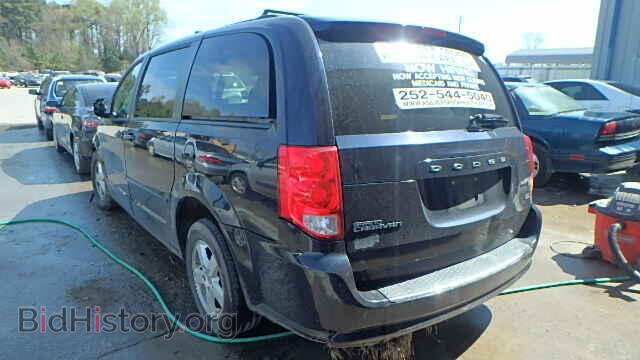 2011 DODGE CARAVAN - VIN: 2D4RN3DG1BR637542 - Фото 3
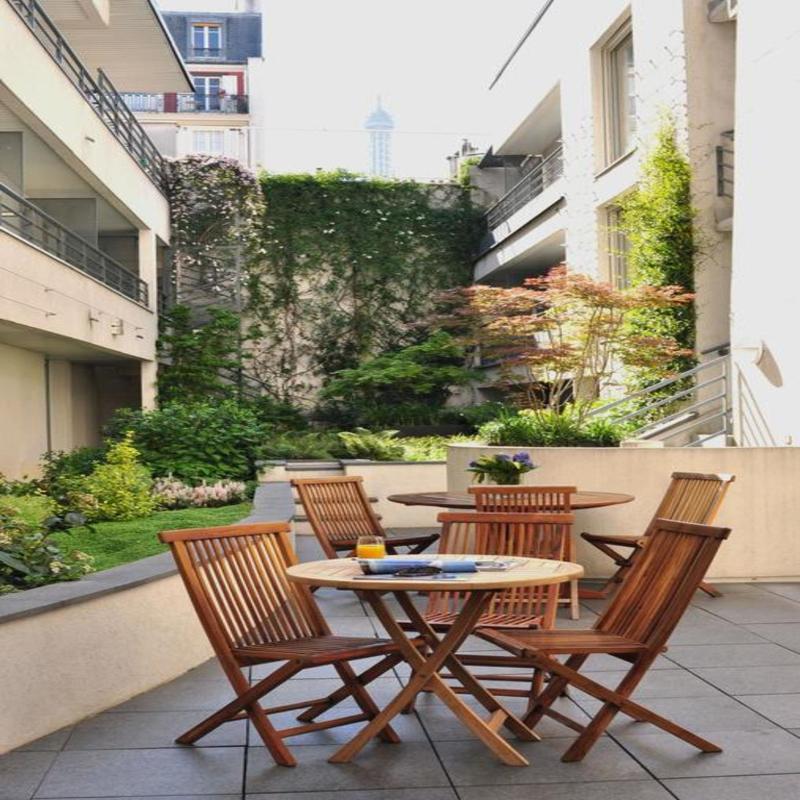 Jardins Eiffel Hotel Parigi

+ + +

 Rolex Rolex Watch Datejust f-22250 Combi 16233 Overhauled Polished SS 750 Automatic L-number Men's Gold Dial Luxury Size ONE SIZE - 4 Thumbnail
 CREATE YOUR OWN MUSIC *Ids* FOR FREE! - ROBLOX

+ + +

Copy needed, without pictures: the lines of the listing above from the line containing "2011 DODGE CARAVAN" up to and including the line containing "Jardins Eiffel Hotel Parigi", set down exactly.

* [Task answer]
 2011 DODGE CARAVAN - VIN: 2D4RN3DG1BR637542 - Фото 3
 Jardins Eiffel Hotel Parigi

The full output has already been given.